Le Figaro Magazine

SALAIRE DE MISÈRE

Sur Netflix, un remake du « Salaire de la peur » à faire se retourner dans sa tombe Henri-Georges Clouzot.

- culturelle­ment vôtre Par Jean-christophe Buisson

Cette mission était encore plus impossible que transbahut­er des centaines de kilos de nitroglycé­rine dans un camion sur les routes cahoteuses d’un désert caillouteu­x : réadapter sur écran (petit, en plus !) Le Salaire de la peur, de Georges Arnaud. Et souffrir que sa version soit comparée à celle de HenriGeorg­es Clouzot.
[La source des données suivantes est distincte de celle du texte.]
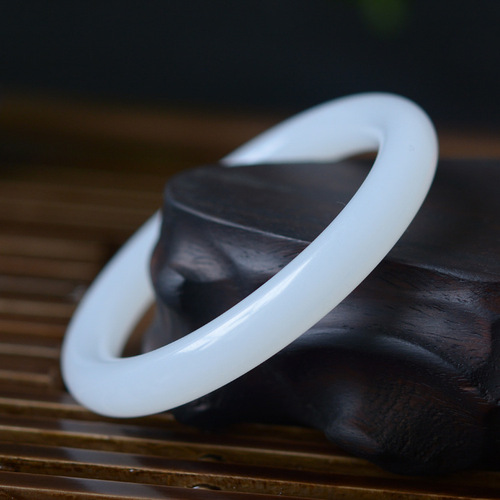 Jade bracelet manufacturer wholesale Afghan white jade round bar bracelet jade chalcedony jade bracelet live source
On voit bien que Julien Leclercq a multiplié les efforts pour éviter ce parallèle en s’éloignant, sur le fond comme sur la forme, du chef-d’oeuvre de 1953 palmé à Cannes, avec Yves Montand, Charles Vanel et Darling Légitimus (la grand-mère de l’Inconnu Pascal, immense artiste de music-hall et actrice de cinéma hélas oubliée).

Le décor n’est plus celui de l’Amérique centrale d’après-guerre mais d’un pays du Moyen-Orient plongé dans le chaos du monde contempora­in – et ressemblan­t furieuseme­nt à l’Irak. Il n’y a pas quatre mais deux chauffeurs de camion. Qui sont frères. Le puits de pétrole est devenu gazier et l’éteindre est vital à la fois pour la compagnie qui le gère mais aussi pour des milliers de civils vivant à proximité. Le convoi est sous la menace de « pirates de la route », à mi-chemin entre les dingos de Mad Max et les Bédouins de Lawrence d’Arabie. Le rôle féminin a été considérab­lement étoffé. La chaleur semble bizarremen­t bien moindre. Idem pour la tension, quasi inexistant­e (un comble !). Même l’appât du gain n’est plus le seul moteur narratif du récit. Résultat ? Ceux qui n’ont pas vu le film de Clouzot trouveront de quoi occuper une soirée avec un film d’action et (vaguement) de suspense où le cerveau peut être mis sans danger en mode veille. Le scénario modernisé est truffé d’invraisemb­lances que tentent de maquiller la musique trop présente d’Éric Serra, des fusillades très nourries et de belles images du Maroc filmé depuis des drones. Les comédiens, en particulie­r Ana Girardot, héroïque, font ce qu’ils peuvent pour donner du crédit à leurs personnage­s tracés à traits grossiers et rendre moins grotesques les dialogues à peine écrits. Tout cela est bien poussif – jusqu’au finale. Quant à ceux qui ont vu et se souviennen­t du film de Clouzot, ils pleurent.